One of the animals most misunderstood is insects. Some people treat insects as trivial and disgusting small animals, others treat them as pests that bite people or damage crops. But insects, like other animals, play an important role in balancing the ecosystem. A representative example is the tongue worm.
Three-piece claw-worm body
The tongue worm body can be divided into three different parts: the abdomen, the tip of the body, and the tongs. Tweezers or tweezers are used to defend or catch food. Male tine worms have curved tongs while females have straight tongs. And the caterpillars secrete a yellowish brown liquid to disperse around the predator, but it is harmless.
Some species of worms have wings that can fly. The tillers grow up to 0.5 to 3 inches and have an antennae and six legs like other insects. It is narrow, flat and long. It has various colors such as yellow, red, dark brown, and black.
I go into the nest for winter hibernation.
The tillers need a moist and dark environment to survive. It can be seen in places where pine leaves, compost, tree bark, and wood are piled up. The tillers must hibernate in the winter, hiding themselves six feet deep underground to avoid the cold. There are also trench worms looking for people's houses to avoid the cold at this time.
Through the slit in the wall, you enter the house and find a room with humid conditions such as a bathroom, basement, kitchen, garage. The claws do not harm people, so you do not have to hurt or expel them as much as possible.
Tongs may look a little dangerous, but they can only be used to feed or protect themselves. Never attack unless threatened. However, the only problem that can be worried about this tsuga is that it can damage indoor plants and flowers. Not only do not threaten people because they have no saliva to cause pain, but they are not a source of disease.
And when they hibernate, they do not breed, so there is no fear that the worms will multiply in the house. Rather, tine worms can help other insects in the house by eating other insects such as flies or mosquitoes.
|▲ Indoor caterpillars can damage indoor plants and flowers (Photo: ⓒ Pixar Bay)|
Female tine worms have a maternal instinct.

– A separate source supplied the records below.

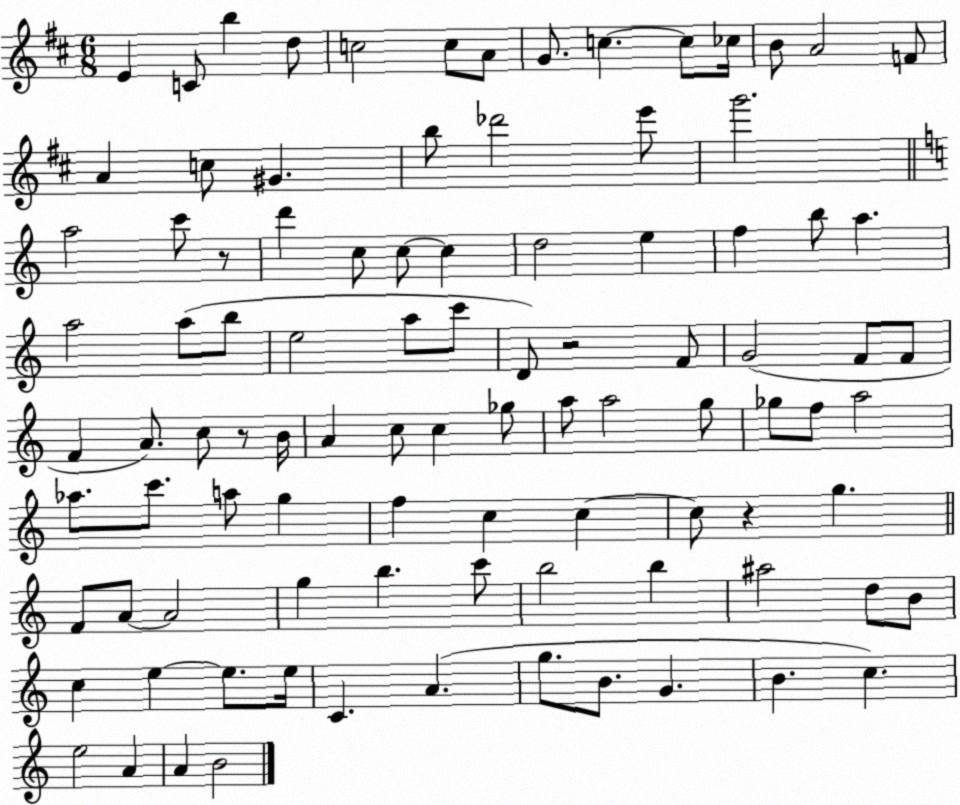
X:1
T:Untitled
M:6/8
L:1/4
K:D
E C/2 b d/2 c2 c/2 A/2 G/2 c c/2 _c/4 B/2 A2 F/2 A c/2 ^G b/2 _d'2 e'/2 g'2 a2 c'/2 z/2 d' c/2 c/2 c d2 e f b/2 a a2 a/2 b/2 e2 a/2 c'/2 D/2 z2 F/2 G2 F/2 F/2 F A/2 c/2 z/2 B/4 A c/2 c _g/2 a/2 a2 g/2 _g/2 f/2 a2 _a/2 c'/2 a/2 g f c c c/2 z g F/2 A/2 A2 g b c'/2 b2 b ^a2 d/2 B/2 c e e/2 e/4 C A g/2 B/2 G B c e2 A A B2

Unlike mammals, insects generally do not care when they breed. Therefore, the cubs of insects must grow on their own. However, this does not apply to female tillers with maternal instincts. Female tine insects protect eggs and larvae for a period of time after laying eggs.
After the egg hatches, keep the baby from side to side until it suffers a second metamorphosis. The baby tongue worm has about five times of transformation until it becomes an adult. When the mother leaves the baby, the baby is already in a condition to protect itself and find food.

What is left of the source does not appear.